Heart Surg Forum. 2000;3(2):127-32; discussion 132-3.
Eighteen patients with unstable angina underwent repeat myocardial revascularization without cardiopulmonary bypass using saphenous vein grafts from either the left (13) or right (2) axillary arteries or the descending thoracic aorta (3). Patients' ages ranged from 53 to 85 years. Left ventricular ejection fractions ranged from 15% to 60%.
In 14 patients, the heart was exposed through an anterior thoracotomy, a minimally invasive direct coronary artery bypass (MIDCAB) technique. In 3 patients a left posterolateral thoractomy (lateral MIDCAB) was performed. One patient underwent repeat sternotomy (off-pump coronary artery bypass: OPCAB). In MIDCAB and lateral MIDCAB patients, the "target" vessel was a coronary artery in 8 patients and a previously placed vein graft in the remaining 9 patients. One patient underwent repeat sternotomy, and 3 coronary arteries were bypassed with a complex vein graft attached to the left axillary artery. Two patients died of mesenteric ischemia on the 2nd and 7th postoperative day. The remainder of patients were discharged from the hospital free of angina. Early graft patency was demonstrated by noninvasive vascular laboratory testing and/or angiography in the 13 survivors in whom the axillary artery had been the site of the proximal anastomosis.
Follow-up ranged from 1 to 25 months. No other patients have died, and none have undergone additional surgical or catheter-based procedures. Three patients have developed recurrent angina, and in 4 patients the extra-anatomic bypass grafts have apparently become occluded.

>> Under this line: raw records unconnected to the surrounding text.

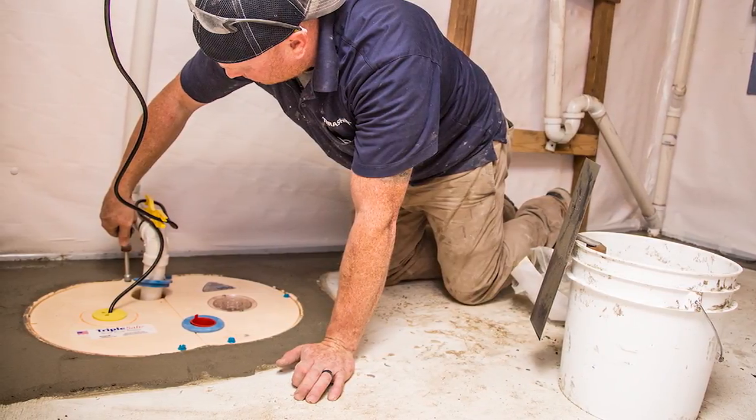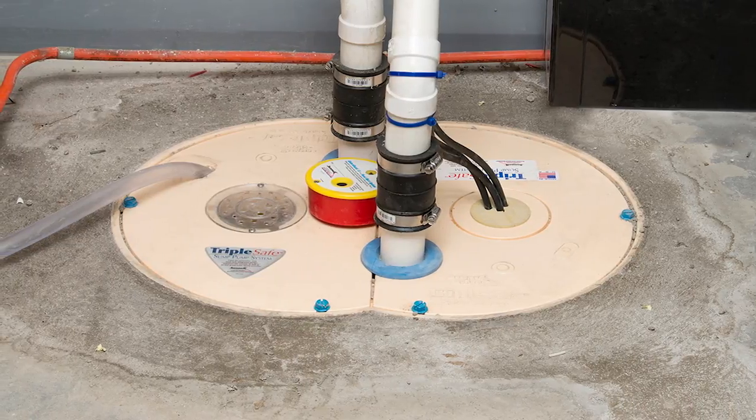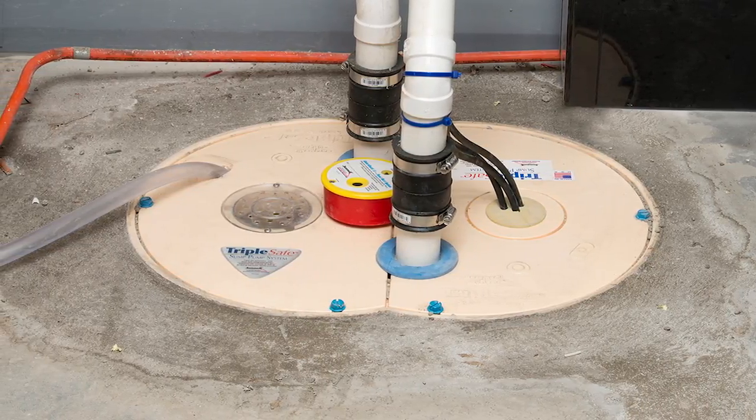What we recommend at Thrasher is installing what we call our Triple Safe sump pump system. It provides two primary pumps that plug into the wall and are able to operate either during high water volume times or if one of those two pumps happens to fail, you have a backup pump that takes over to make sure you're still getting the water out.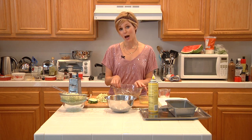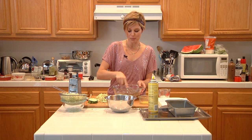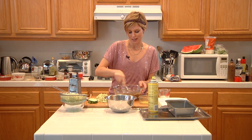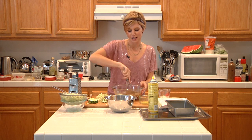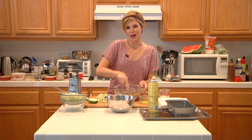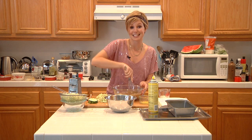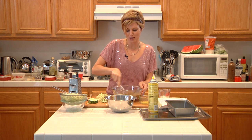Our wet ingredients: we have a half a cup of butter, an eighth of a cup of canola oil, and one cup of tightly packed light brown sugar. I'm going to start by mixing the wet ingredients together. You just want to get that sugar mixed up with the butter and the oil. We don't have to cream it because it's a pretty wet batter — we don't need to cream our butter and sugar like we do with cookies and cakes. It's going to be pretty dense so the fluffiness isn't going to matter.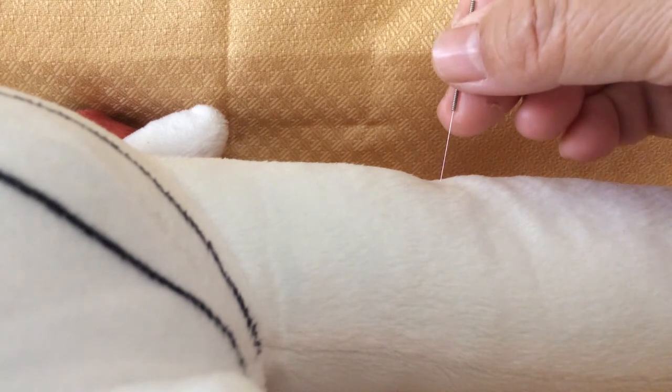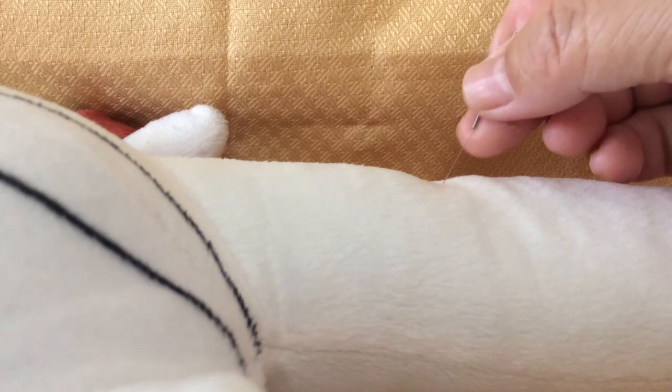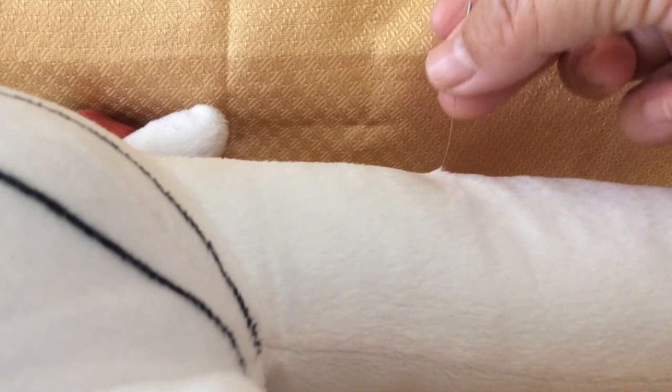Go to the points, insert the needles, and then guide the needles in different directions — from the shallow region to the deep regions. That is the technique we call Cang Gui Tan Xue Fa, Black Tortoise's Exploring Hole Method. It's just like a tortoise exploring a hole.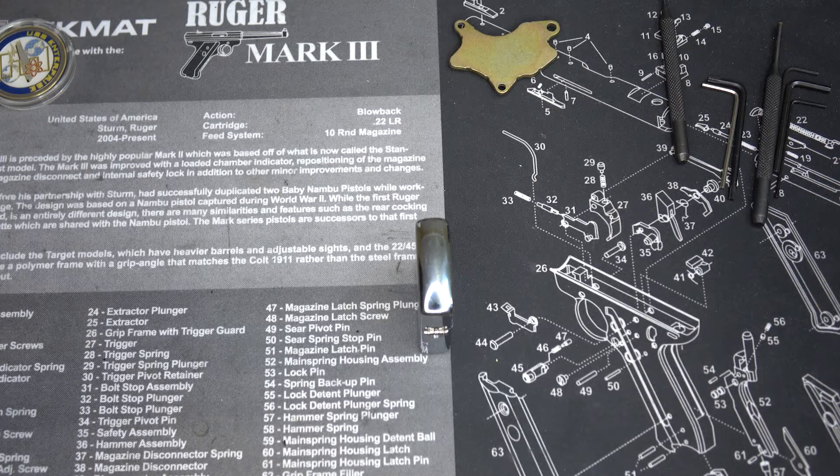Hey kids, this is Eric Miller. I just wanted to put together this quick little video that's kind of an addendum to a video I put out several years ago about bimetal ammo.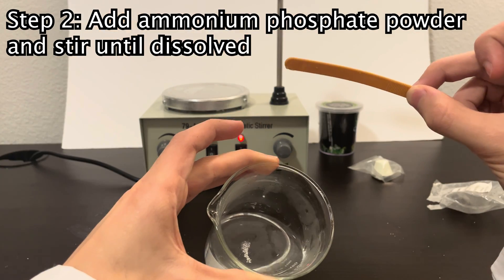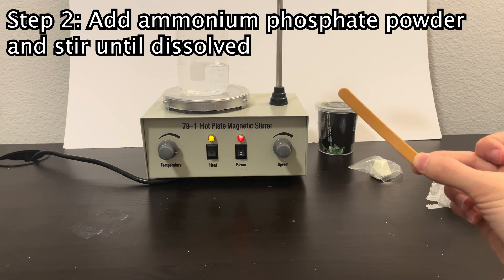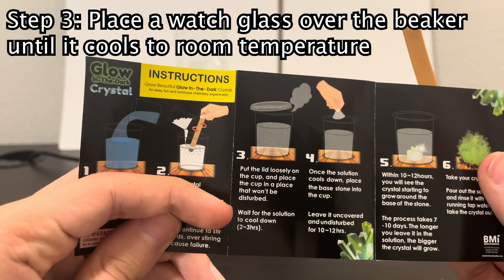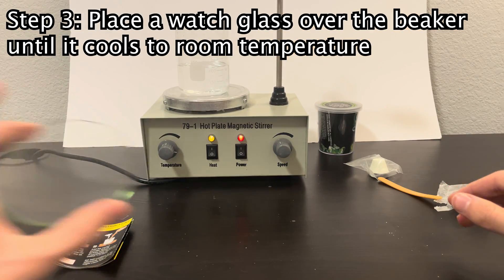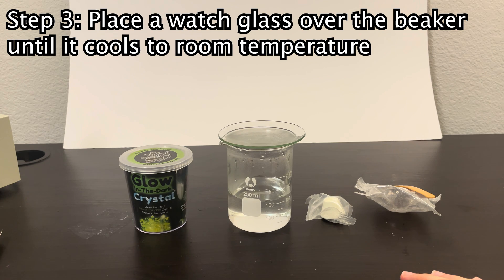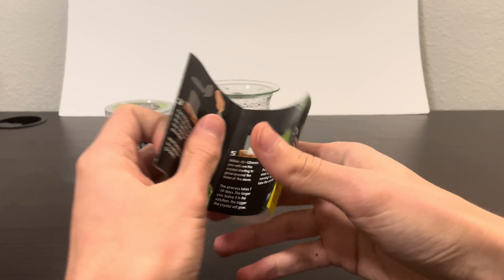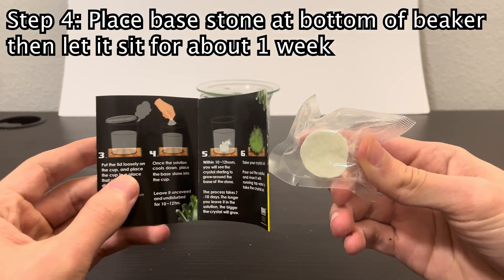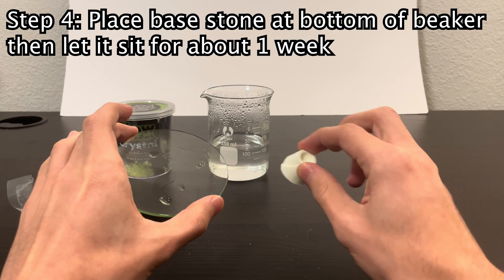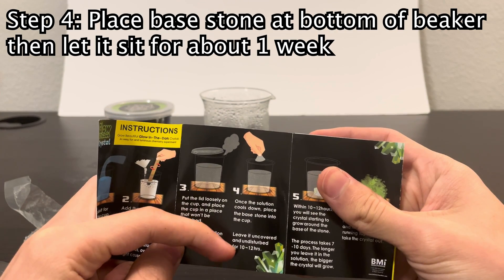There's still a little bit undissolved, but I'm going to leave it as is. Let's put it on the hot plate to maintain our heat. Now we need to put a lid on it — we can use a watch glass — and place it somewhere it won't be disturbed, waiting for the solution to cool down. So now that our solution has been sitting here for a few hours we can move on to the fourth step: placing the base stone at the bottom of the cup. I'm guessing this stone is also made of ammonium phosphate, since that's what's going to be crystallizing out of solution. Now we have to leave it uncovered and undisturbed for about 10 to 12 hours and then hopefully see some sort of crystal form.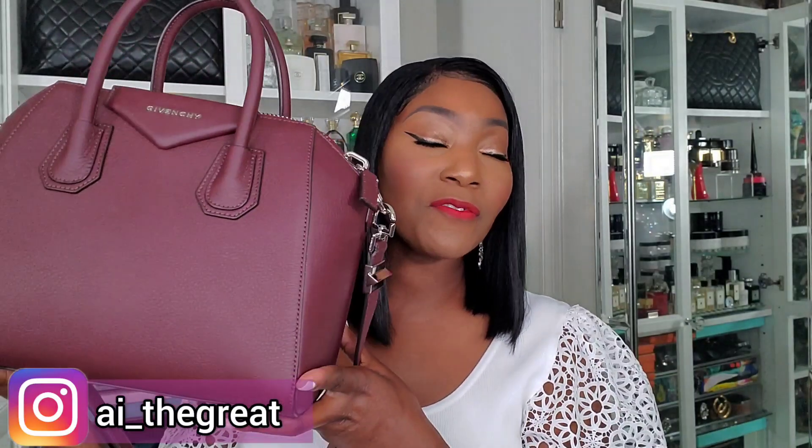Hey guys, welcome to today's video. This is a requested video from a subscriber — I'm going to be doing a review and a what's-in-my-bag of this Givenchy Antigona. I call it Antigona, but it could be Antigona — I'm not sure. When I go into the store and say Antigona, no one has ever corrected me, so we're gonna go with Antigona today. So this bag right here — we're gonna do a review and see what fits inside.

Extra-anatomic, off-pump bypass from the axillary artery or descending thoracic aorta to one or more coronary arteries can be performed safely in seriously ill patients requiring a repeat bypass procedure. The early results, regarding relief of angina, are encouraging.
18例不稳定型心绞痛患者接受了非体外循环下的再次心肌血运重建术,采用来自左腋动脉(13例)、右腋动脉(2例)或胸降主动脉(3例)的大隐静脉移植血管。患者年龄在53至85岁之间。左心室射血分数在15%至60%之间。
14例患者通过前外侧开胸术暴露心脏,采用微创直接冠状动脉旁路移植术(MIDCAB)技术。3例患者行左后外侧开胸术(外侧MIDCAB)。1例患者接受再次胸骨切开术(非体外循环冠状动脉旁路移植术:OPCAB)。在MIDCAB和外侧MIDCAB患者中,8例患者的“目标”血管为冠状动脉,其余9例患者的“目标”血管为先前植入的静脉移植血管。1例患者接受再次胸骨切开术,用连接至左腋动脉的复杂静脉移植血管绕过3条冠状动脉。2例患者分别在术后第2天和第7天死于肠系膜缺血。其余患者出院时无心绞痛症状。13例幸存者中,腋动脉为近端吻合部位,通过无创血管实验室检查和/或血管造影证实早期移植血管通畅。
随访时间为1至25个月。无其他患者死亡,也无患者接受额外的手术或导管介入治疗。3例患者出现复发性心绞痛,4例患者的解剖外旁路移植血管明显闭塞。
对于需要再次旁路手术的重症患者,可安全地进行从腋动脉或胸降主动脉到一条或多条冠状动脉的解剖外非体外循环旁路手术。在缓解心绞痛方面,早期结果令人鼓舞。